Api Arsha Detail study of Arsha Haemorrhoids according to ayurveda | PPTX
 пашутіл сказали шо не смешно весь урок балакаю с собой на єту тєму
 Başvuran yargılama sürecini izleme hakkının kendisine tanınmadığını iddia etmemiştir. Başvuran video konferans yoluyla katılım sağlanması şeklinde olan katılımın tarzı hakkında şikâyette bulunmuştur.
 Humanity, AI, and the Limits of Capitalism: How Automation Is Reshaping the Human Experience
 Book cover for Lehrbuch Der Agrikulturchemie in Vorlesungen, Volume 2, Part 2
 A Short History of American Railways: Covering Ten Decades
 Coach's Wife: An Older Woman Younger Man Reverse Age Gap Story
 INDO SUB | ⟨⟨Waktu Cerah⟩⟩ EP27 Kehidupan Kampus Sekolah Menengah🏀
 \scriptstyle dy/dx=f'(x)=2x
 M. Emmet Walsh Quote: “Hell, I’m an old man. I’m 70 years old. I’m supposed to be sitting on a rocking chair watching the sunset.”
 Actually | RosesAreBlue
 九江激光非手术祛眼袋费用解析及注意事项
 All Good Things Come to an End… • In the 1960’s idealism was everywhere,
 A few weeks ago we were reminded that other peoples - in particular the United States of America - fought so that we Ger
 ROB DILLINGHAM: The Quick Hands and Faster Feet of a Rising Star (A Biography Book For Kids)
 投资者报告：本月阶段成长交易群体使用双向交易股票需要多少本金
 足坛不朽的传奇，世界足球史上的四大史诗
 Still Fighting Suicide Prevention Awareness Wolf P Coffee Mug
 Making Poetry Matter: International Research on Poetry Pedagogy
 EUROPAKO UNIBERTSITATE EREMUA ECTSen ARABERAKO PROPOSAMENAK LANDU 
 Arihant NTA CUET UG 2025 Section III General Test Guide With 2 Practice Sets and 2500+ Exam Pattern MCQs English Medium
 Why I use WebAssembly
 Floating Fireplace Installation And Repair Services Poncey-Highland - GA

Problem requirements
Among the lines of the listing above, count those that contain "Book" and give only the count.

Exercise result
2